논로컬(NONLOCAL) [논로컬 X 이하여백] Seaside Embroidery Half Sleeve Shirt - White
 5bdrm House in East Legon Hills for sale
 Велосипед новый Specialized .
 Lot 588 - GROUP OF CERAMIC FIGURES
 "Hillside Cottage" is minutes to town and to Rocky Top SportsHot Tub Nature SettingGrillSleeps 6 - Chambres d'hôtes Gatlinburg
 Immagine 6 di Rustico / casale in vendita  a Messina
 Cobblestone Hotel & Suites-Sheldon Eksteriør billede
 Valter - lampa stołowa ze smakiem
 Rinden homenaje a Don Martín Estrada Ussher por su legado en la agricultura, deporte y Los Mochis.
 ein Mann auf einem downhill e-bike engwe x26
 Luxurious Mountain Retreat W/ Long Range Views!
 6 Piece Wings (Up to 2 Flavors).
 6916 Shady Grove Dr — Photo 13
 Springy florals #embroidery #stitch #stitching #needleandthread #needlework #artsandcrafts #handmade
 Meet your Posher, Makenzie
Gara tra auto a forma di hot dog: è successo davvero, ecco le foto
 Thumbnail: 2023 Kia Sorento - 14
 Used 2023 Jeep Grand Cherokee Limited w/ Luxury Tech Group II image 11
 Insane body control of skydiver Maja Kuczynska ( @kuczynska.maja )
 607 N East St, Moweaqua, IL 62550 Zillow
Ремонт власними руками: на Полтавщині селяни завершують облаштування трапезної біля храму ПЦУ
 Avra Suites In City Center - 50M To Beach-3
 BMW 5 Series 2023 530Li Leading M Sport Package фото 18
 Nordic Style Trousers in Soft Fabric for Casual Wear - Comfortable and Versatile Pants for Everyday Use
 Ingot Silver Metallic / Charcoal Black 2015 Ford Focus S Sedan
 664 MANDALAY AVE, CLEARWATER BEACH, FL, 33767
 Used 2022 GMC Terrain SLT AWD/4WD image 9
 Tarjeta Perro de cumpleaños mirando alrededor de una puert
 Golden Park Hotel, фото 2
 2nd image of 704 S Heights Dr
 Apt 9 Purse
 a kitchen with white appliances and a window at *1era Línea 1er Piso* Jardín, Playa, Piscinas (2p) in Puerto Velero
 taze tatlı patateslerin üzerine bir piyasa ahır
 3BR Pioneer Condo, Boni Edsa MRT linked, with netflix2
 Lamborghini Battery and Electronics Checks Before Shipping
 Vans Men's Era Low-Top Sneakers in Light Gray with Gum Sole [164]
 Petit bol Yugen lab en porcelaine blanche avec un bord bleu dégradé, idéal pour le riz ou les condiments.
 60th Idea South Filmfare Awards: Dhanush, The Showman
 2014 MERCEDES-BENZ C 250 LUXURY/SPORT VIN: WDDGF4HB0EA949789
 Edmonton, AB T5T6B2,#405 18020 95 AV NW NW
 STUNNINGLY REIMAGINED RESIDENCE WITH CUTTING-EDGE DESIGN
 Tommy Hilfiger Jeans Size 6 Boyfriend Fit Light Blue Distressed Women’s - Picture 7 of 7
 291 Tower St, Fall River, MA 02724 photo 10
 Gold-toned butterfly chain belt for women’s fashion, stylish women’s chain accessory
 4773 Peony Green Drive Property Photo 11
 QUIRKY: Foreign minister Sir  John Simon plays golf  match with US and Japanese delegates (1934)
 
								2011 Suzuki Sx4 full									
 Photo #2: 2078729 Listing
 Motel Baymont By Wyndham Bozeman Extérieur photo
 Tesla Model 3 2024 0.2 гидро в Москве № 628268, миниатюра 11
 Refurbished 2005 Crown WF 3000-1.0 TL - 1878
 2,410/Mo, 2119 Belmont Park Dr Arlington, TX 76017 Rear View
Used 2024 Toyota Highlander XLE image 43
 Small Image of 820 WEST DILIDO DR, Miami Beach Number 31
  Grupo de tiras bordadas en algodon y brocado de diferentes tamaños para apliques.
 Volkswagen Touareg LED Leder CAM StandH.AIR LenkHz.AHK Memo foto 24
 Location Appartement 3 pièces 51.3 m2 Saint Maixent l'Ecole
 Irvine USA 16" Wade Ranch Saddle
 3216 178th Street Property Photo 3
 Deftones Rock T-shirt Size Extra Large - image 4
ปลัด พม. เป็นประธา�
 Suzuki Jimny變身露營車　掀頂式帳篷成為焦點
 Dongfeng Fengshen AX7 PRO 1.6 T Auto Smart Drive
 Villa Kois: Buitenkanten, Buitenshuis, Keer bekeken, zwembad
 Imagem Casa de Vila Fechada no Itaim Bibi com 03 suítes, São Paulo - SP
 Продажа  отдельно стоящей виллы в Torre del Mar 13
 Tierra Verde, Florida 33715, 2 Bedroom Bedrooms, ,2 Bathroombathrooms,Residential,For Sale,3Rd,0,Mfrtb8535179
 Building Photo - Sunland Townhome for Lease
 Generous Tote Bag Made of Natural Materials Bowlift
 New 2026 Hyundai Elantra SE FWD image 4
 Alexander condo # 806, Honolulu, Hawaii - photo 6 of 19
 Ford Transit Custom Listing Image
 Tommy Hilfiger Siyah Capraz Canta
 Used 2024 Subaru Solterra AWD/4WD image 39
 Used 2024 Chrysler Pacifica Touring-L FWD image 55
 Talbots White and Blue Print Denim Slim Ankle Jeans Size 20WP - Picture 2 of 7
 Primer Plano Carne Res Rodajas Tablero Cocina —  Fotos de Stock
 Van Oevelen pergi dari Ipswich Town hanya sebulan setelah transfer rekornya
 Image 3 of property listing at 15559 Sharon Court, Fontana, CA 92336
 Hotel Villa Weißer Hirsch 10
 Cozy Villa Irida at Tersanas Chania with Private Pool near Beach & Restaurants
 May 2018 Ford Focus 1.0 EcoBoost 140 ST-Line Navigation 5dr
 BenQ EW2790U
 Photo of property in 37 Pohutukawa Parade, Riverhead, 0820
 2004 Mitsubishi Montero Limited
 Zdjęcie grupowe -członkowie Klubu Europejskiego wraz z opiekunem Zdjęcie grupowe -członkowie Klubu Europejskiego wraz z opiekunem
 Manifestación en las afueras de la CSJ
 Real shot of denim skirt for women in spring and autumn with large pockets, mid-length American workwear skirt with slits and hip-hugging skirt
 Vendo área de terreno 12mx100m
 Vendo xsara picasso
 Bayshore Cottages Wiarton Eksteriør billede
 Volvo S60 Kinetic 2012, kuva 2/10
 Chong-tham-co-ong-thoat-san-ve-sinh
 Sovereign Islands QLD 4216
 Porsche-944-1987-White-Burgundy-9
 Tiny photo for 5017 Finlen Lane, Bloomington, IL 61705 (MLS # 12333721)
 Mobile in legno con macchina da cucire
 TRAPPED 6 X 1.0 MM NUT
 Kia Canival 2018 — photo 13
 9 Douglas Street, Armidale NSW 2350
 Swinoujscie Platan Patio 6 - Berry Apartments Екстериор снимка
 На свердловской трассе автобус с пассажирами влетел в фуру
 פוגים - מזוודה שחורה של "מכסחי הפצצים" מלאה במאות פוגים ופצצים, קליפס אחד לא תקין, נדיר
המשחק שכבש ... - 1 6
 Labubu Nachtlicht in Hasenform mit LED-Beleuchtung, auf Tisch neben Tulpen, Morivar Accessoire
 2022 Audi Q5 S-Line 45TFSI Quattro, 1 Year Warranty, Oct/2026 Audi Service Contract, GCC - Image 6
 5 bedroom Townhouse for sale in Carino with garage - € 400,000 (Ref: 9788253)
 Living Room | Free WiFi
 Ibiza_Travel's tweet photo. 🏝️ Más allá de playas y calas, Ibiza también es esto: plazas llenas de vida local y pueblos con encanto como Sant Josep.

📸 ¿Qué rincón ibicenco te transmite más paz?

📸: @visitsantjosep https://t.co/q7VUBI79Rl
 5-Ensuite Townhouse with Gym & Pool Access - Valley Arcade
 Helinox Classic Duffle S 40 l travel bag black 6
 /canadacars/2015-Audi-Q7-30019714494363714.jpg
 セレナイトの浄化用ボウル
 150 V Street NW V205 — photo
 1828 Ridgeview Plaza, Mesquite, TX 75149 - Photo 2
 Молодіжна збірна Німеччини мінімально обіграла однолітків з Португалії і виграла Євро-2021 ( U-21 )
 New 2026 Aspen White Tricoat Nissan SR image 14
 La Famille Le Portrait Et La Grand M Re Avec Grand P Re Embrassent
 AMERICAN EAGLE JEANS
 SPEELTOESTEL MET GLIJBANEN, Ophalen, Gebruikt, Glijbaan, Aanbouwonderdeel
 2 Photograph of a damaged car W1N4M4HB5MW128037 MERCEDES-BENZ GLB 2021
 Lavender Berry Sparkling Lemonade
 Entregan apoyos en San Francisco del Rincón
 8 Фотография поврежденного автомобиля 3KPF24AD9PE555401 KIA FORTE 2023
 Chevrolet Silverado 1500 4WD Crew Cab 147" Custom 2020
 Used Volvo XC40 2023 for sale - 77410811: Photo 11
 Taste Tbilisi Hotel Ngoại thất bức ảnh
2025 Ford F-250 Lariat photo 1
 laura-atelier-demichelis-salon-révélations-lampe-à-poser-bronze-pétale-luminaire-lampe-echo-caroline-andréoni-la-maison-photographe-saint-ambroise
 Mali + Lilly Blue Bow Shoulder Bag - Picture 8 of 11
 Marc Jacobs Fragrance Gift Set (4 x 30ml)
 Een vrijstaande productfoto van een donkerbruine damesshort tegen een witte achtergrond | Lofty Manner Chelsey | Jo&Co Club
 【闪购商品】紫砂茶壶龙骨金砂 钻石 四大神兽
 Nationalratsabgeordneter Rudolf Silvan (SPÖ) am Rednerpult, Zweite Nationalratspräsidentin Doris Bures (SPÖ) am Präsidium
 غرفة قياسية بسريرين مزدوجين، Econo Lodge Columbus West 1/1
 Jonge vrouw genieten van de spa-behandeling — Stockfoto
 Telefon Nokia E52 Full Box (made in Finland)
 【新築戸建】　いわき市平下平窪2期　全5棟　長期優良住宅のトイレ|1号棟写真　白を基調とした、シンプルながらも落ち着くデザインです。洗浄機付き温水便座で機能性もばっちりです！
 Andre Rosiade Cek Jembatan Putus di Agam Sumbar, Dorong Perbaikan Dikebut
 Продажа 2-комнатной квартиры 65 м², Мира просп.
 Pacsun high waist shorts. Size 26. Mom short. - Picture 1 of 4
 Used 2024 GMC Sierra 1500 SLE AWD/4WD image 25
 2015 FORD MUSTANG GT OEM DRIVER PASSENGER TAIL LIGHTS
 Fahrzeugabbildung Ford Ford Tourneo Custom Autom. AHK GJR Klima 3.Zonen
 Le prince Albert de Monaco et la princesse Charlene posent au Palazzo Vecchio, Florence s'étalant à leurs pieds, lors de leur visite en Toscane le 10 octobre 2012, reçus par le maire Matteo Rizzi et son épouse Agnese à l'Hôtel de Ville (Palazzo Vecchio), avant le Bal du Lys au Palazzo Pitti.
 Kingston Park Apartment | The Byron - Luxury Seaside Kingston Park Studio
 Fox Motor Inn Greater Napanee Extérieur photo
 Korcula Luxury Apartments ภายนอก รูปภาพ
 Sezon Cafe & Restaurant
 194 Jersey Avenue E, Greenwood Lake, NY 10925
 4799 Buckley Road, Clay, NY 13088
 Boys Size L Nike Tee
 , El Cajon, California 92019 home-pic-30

● **YOUR OBJECTIVE**
Look above for the line that contains "Used 2023 Jeep". Starting there, transcribe every line exactly until you have copied the line that contains "291 Tower St, Fall River, MA 02724 photo 10".

● **REPLY**
 Used 2023 Jeep Grand Cherokee Limited w/ Luxury Tech Group II image 11
 Insane body control of skydiver Maja Kuczynska ( @kuczynska.maja )
 607 N East St, Moweaqua, IL 62550 Zillow
Ремонт власними руками: на Полтавщині селяни завершують облаштування трапезної біля храму ПЦУ
 Avra Suites In City Center - 50M To Beach-3
 BMW 5 Series 2023 530Li Leading M Sport Package фото 18
 Nordic Style Trousers in Soft Fabric for Casual Wear - Comfortable and Versatile Pants for Everyday Use
 Ingot Silver Metallic / Charcoal Black 2015 Ford Focus S Sedan
 664 MANDALAY AVE, CLEARWATER BEACH, FL, 33767
 Used 2022 GMC Terrain SLT AWD/4WD image 9
 Tarjeta Perro de cumpleaños mirando alrededor de una puert
 Golden Park Hotel, фото 2
 2nd image of 704 S Heights Dr
 Apt 9 Purse
 a kitchen with white appliances and a window at *1era Línea 1er Piso* Jardín, Playa, Piscinas (2p) in Puerto Velero
 taze tatlı patateslerin üzerine bir piyasa ahır
 3BR Pioneer Condo, Boni Edsa MRT linked, with netflix2
 Lamborghini Battery and Electronics Checks Before Shipping
 Vans Men's Era Low-Top Sneakers in Light Gray with Gum Sole [164]
 Petit bol Yugen lab en porcelaine blanche avec un bord bleu dégradé, idéal pour le riz ou les condiments.
 60th Idea South Filmfare Awards: Dhanush, The Showman
 2014 MERCEDES-BENZ C 250 LUXURY/SPORT VIN: WDDGF4HB0EA949789
 Edmonton, AB T5T6B2,#405 18020 95 AV NW NW
 STUNNINGLY REIMAGINED RESIDENCE WITH CUTTING-EDGE DESIGN
 Tommy Hilfiger Jeans Size 6 Boyfriend Fit Light Blue Distressed Women’s - Picture 7 of 7
 291 Tower St, Fall River, MA 02724 photo 10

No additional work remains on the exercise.